For Mr. Allen, the path to a rematch could be complex.
“Right now, he is the front-runner, and if he can consolidate the party, he will be the nominee,” said former Rep. Thomas M. Davis III, a Republican.
But Mr. Davis and others warn that consolidating the party will be easier said than done after a campaign season in which the “tea party” movement swept lawmakers into office who repudiated many of the policies enacted during Mr. Allen’s tenure, when Republicans ran both chambers of Congress.
Mr. Allen, though, said tea partiers should feel comfortable with him since he’s been talking about limited-government principles and the Constitution for years. His catchphrase during his various runs for office has been that he’s a “common-sense Jeffersonian conservative.”

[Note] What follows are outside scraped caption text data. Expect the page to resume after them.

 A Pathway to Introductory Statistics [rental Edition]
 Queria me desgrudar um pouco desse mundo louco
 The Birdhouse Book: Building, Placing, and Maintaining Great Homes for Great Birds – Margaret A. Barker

“I can talk about the 10th Amendment and people will actually know what I’m talking about,” he said. “I think it’s wonderful.”
Mr. Allen would likely take a lead into the primary, thanks to statewide name recognition. But he still could fall prey to a conservative challenger, such as state Delegate Robert G. Marshall, who nearly won a state-convention bid to be the party’s 2008 Senate nominee over another former governor, James S. Gilmore III.

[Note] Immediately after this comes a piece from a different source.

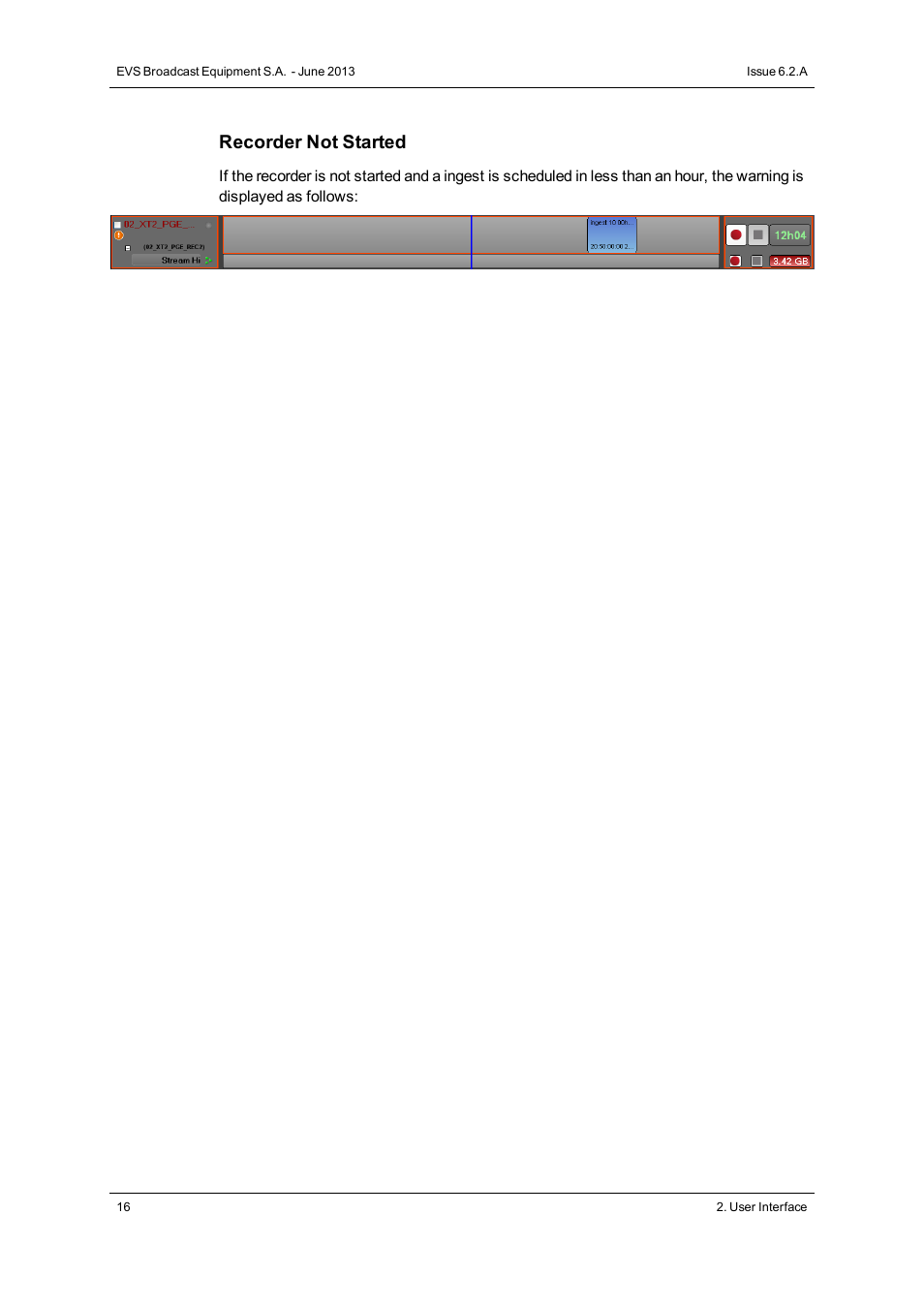 Recorder not started | EVS IPDirector Version 6.2 - June 2013 INGEST SCHEDULER User Manual User Manual | Page 26 / 68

Mr. Marshall, a conservative favorite who represents part of Prince William County, touts some high-profile victories, including sponsoring the bill that challenged the federal government’s authority to mandate that every legal resident purchase health insurance.
Meanwhile, Mr. Stewart is also seen as scouting a run, and he said Mr. Allen is a reminder of the days when Republicans strayed.
“We’ve got to bring in some new blood and new leadership and quit reaching back into the past,” he said. “Republicans did a terrible job between 2000 and 2006, just as foolishly as the Democrats did. They were part of the problem, and they remain part of the problem.”
Mr. Allen said he’s always considered Mr. Stewart a friend and said he appreciated compliments Mr. Stewart made about Mr. Allen’s time as governor.
Indeed, observers have long painted Mr. Allen as a more successful executive than legislator, and he chafed against the slow pace of the Senate. He still says the Senate has “too much worshipping of process and personalities.” But he said with all the problems that have built up, people are finally expecting action out of Congress, and that’s something he can be part of.
He said his longtime support for a balanced-budget amendment and a line-item veto for the president could help pare the federal deficit. And though he submitted earmark requests in the past, he came out earlier this year against the practice.
Mr. Webb does request earmarks, and voted against a proposed Senate ban earlier this year. Fellow Sen. Mark Warner, also a Democrat, voted for the ban.